■ **Instructions to follow**
Lines from the top of the entries through the line that has "Fiat Ducato Frontier" must be duplicated exactly, and no others.

== Supplied records

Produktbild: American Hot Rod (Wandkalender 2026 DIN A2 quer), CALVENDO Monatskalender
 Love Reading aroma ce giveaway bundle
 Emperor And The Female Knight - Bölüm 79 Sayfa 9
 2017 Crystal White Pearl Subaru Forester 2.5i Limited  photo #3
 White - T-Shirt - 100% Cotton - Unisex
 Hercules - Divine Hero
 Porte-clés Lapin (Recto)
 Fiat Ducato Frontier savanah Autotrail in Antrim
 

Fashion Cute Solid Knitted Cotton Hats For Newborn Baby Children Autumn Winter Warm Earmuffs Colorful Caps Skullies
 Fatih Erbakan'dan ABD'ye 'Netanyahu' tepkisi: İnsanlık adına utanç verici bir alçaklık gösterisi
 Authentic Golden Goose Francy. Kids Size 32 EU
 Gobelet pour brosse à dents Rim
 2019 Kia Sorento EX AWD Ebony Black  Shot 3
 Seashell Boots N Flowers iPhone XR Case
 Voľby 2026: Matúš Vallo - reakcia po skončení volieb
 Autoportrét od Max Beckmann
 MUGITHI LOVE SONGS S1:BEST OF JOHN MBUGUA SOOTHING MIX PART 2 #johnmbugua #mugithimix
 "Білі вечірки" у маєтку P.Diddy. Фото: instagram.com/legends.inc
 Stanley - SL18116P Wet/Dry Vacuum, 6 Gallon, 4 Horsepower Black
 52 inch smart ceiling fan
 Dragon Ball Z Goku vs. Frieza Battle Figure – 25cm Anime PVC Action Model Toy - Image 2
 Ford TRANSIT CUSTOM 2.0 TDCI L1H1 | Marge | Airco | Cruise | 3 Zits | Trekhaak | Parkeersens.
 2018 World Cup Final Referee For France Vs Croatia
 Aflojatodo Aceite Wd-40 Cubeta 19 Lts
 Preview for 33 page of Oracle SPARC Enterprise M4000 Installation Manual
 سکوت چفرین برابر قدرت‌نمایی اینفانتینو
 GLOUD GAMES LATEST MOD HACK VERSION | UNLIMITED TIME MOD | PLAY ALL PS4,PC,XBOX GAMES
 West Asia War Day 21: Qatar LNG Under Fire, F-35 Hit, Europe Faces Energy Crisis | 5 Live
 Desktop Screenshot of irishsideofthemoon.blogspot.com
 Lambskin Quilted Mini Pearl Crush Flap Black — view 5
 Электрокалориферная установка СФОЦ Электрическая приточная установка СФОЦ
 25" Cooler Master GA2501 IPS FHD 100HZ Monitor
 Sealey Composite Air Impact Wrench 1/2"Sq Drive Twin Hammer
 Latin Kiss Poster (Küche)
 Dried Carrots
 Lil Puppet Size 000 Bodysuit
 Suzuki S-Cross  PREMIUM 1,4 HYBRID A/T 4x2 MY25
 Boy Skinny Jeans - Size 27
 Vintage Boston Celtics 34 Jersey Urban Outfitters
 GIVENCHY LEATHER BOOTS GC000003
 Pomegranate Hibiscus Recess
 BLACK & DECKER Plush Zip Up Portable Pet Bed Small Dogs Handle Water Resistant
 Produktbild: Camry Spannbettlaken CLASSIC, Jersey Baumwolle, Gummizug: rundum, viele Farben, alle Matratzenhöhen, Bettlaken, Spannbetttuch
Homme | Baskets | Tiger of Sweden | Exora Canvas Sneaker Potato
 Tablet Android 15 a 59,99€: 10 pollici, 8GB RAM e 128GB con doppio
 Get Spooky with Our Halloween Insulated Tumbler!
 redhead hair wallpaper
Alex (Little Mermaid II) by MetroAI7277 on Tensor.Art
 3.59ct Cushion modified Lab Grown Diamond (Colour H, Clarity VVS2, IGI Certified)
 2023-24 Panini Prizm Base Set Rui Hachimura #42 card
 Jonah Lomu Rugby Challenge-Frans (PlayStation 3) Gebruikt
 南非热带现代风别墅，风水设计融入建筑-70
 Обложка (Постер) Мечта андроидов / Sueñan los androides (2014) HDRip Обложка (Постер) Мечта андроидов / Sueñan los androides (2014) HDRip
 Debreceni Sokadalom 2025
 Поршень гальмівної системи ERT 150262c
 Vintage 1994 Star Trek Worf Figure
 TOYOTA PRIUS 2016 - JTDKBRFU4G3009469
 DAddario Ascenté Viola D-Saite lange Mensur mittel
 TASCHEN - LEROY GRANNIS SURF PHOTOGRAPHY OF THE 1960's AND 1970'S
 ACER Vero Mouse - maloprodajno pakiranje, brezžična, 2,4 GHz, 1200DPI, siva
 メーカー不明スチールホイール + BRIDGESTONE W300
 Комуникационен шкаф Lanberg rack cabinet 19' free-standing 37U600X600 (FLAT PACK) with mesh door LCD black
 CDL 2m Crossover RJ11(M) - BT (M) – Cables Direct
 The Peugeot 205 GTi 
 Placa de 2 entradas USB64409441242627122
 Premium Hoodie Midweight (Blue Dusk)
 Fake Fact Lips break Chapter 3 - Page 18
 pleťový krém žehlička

====

■ **Answer**
Produktbild: American Hot Rod (Wandkalender 2026 DIN A2 quer), CALVENDO Monatskalender
 Love Reading aroma ce giveaway bundle
 Emperor And The Female Knight - Bölüm 79 Sayfa 9
 2017 Crystal White Pearl Subaru Forester 2.5i Limited  photo #3
 White - T-Shirt - 100% Cotton - Unisex
 Hercules - Divine Hero
 Porte-clés Lapin (Recto)
 Fiat Ducato Frontier savanah Autotrail in Antrim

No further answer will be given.